3 things Georgia must avoid against upset-minded Notre Dame
ATHENS — Coach-speak often becomes player-speak during big-game weeks like Georgia-Notre Dame, to the extent players insist they’re treating it like any other game and every other week.
But when the No. 3 Bulldogs say that beating the No. 7-ranked Irish is just a matter of playing up to their standard and executing, they can be believed where this matchup is concerned.
Georgia is the more talented team, and the Sanford Stadium environment when the teams kick off at 8 p.m. on Saturday night will provide the home team with a decided edge.
Still, Coach Kirby Smart and some of his current players have proven before they aren’t perfect, and Notre Dame will be looking for any sort of break or momentum it can find between the hedges.
Here are three things the Bulldogs must avoid against the Irish.
Special teams miscues
Smart says he attends most every special teams meeting to make sure his players know the importance of the units. They should already get the hint by the fact UGA utilizes its best players on them.

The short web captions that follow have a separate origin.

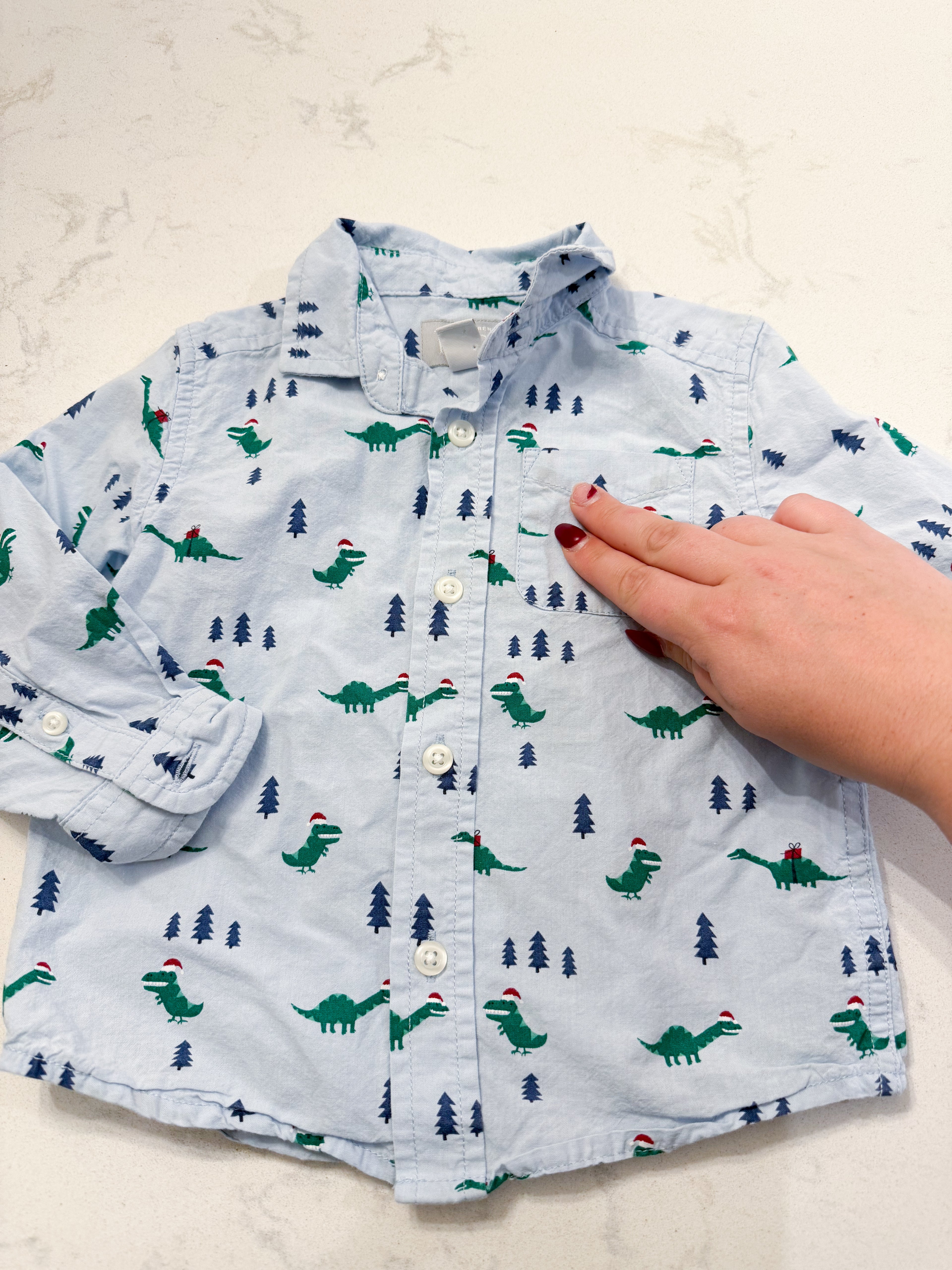 The Children’s Place- 12-18m- PLAY- light blue dress shirt with Christmas Dino’s all over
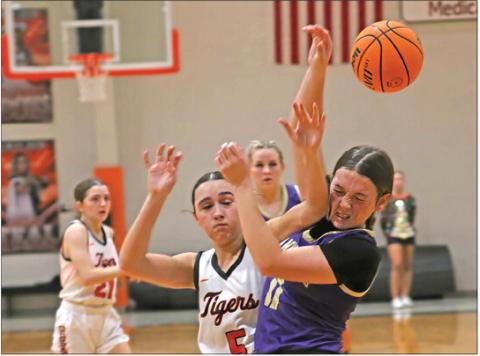 Whoever said basketball is not a contact sport never watched these girls play. Mannford’s Cambri Casey takes an elbow to the chin from Cushing’s Remi Powell as both girls battle for a rebound. Photo by J.D. Meisner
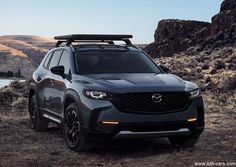 the front end of a gray mazda suv parked on a dirt road with mountains in the background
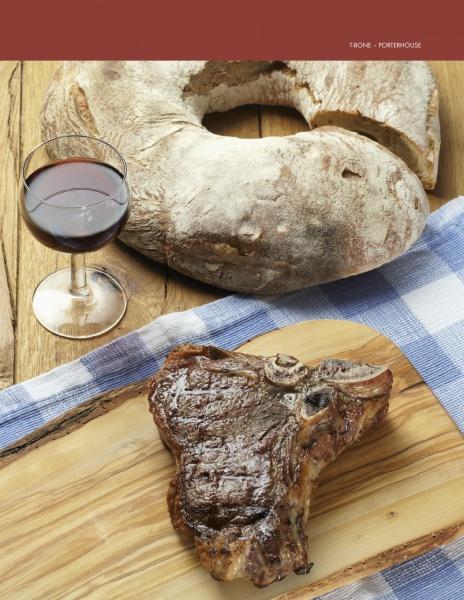 A grilled Pure Steak by Schiffer Publishing, Ltd. sits on a wooden board next to a glass of red wine and rustic bread, all arranged atop a blue and white checkered cloth.
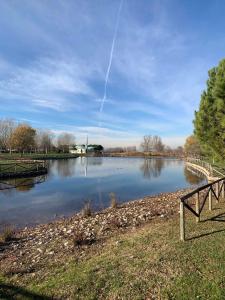 a view of a river with a bridge in the foreground at Houses and Apt in Caorle 43917 in Caorle
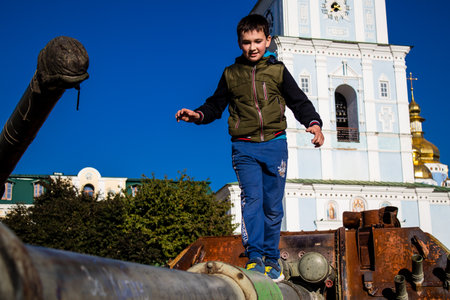 Ukrainian children have fun on the destroyed Russian military equipment, they use it like a playground. The destroyed Russian military equipment exhibition is an open air exhibition.のeditorial素材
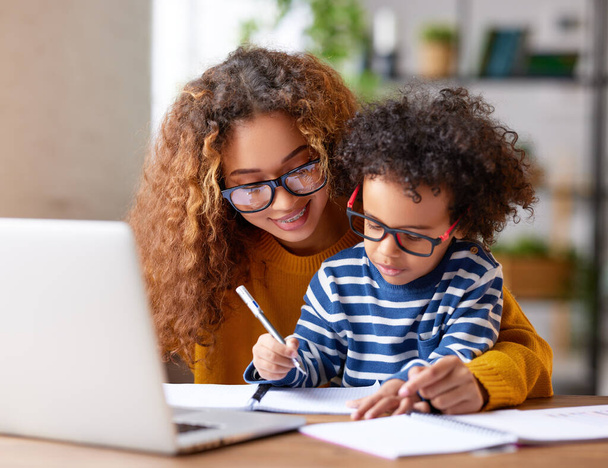 Дитина-афроамериканець пише щось у записнику з мамою, працюючи віддалено від дому на ноутбуці, допомагаючи маленькому синові домашнє завдання, сидячи вдома. Дитяча концепція - Фото, зображення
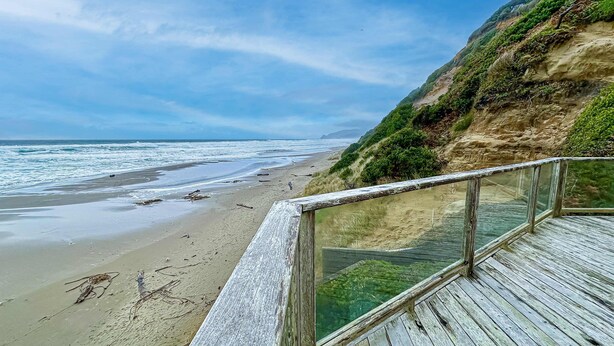 Une terrasse en bois avec des rampes de protection en verre, donnant sur une plage bordée d’une falaise et d’un océan.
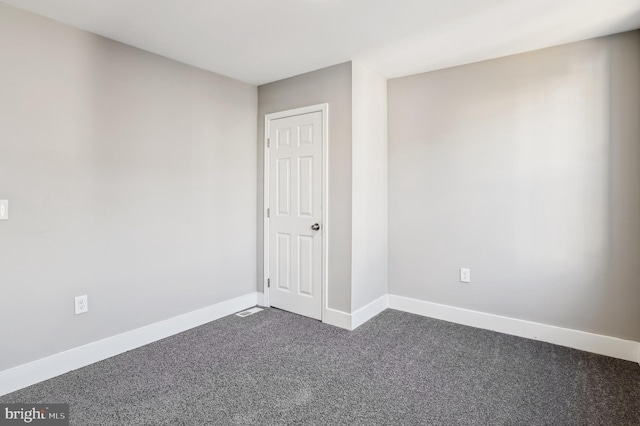 unfurnished room featuring dark colored carpet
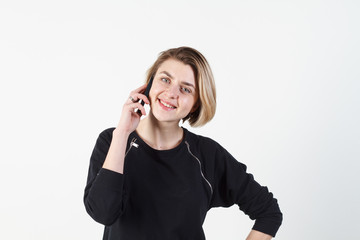 Businesswoman talking on the phone very emotional. She smile, anger, aggression, misunderstood, outrage. On a white background. Happy smiling successful businesswoman with cell phone, isolated on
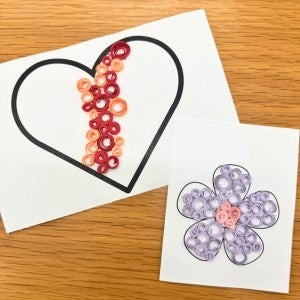 Heart and flower outlines decorated with colorful spirals made out of paper.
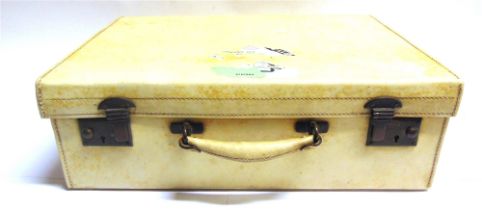 A VELLUM SUITCASE 17cm high, 51cm wide, 35cm deep (excluding carrying handle).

Still, things happen, as Georgia fans recently saw when otherwise reliable kicker Rodrigo Blankenship missed a 30-yard field goal that would have put the Bulldogs up 17 points in the third quarter of last season’s SEC Championship Game. The Alabama sideline came to life with the miss, and the rest is history.
“The rest” included a fourth quarter fake punt Georgia had been working on all season, but a former UGA backup quarterback was late snapping the ball, Alabama adjusted, and a now-infamous moment unfolded.
A failed early fake field goal at LSU last season also strikes many as ranking among the more regrettable play calls, even if the intent was understandable.
Smart will not likely feel pressed to reach for momentum-changing plays on special teams against Notre Dame.
Blankenship has returned to his steady ways since the SEC title game miss, a perfect 5-for-5 on field goals this season.
Georgia safety Richard LeCounte joked in fall camp about how Smart calls him “Rat Trap Richie” when he misses assignments by trying too hard to help in other areas of the field.
But blown assignments are no joke on a defense that has been almost exclusively recruited and coached up by Smart.
Some so-called Rat-Trap defense took place against Murray State after defensive back Mark Webb got beat on a slant route by a Florida transfer, and there was no UGA safety in the middle of the field to prevent the 60-yard TD pass.
It’s the only defensive score the Bulldogs have yielded through three games.
Georgia lost last season’s SEC Championship Game after D’Andre Walker was injured because there wasn’t another outside linebacker on the team who understood or was capable of containment, as then Tide QB Jalen Hurts joyously discovered during a comeback
A certain national championship game was also lost because of broken assignments on a second-and-26 play that will live in Georgia infamy.
Enough said. Smart’s defense needs to be assignment sound.
Jake Fromm is about as good as it gets when taking care of the football, so interceptions do not figure to be a factor for the Bulldogs offense against Notre Dame.
A couple weeks ago, however, Smart had a number of players doing extra work on ball security after three fumbles in the first two games of the season (two lost).
The Sugar Bowl debacle was the latest example that even the best can have bad days.
In this case “The Best” is a player who is expected to carry a heavy load against the Irish.
Talback D’Andre Swift inexplicably fumbled twice against the Longhorns, losing one of them including a gift that handed Texas field position for a 14-0 lead and a ton of momentum.
It was the worst night of Swift’s otherwise brilliant career at Georgia, as he finished with 8 carries for just 12 yards.
Swift and the Bulldogs return to the national stage for the first time since their embarrassing Sugar Bowl defeat, ready to prove worthy of their lofty ranking.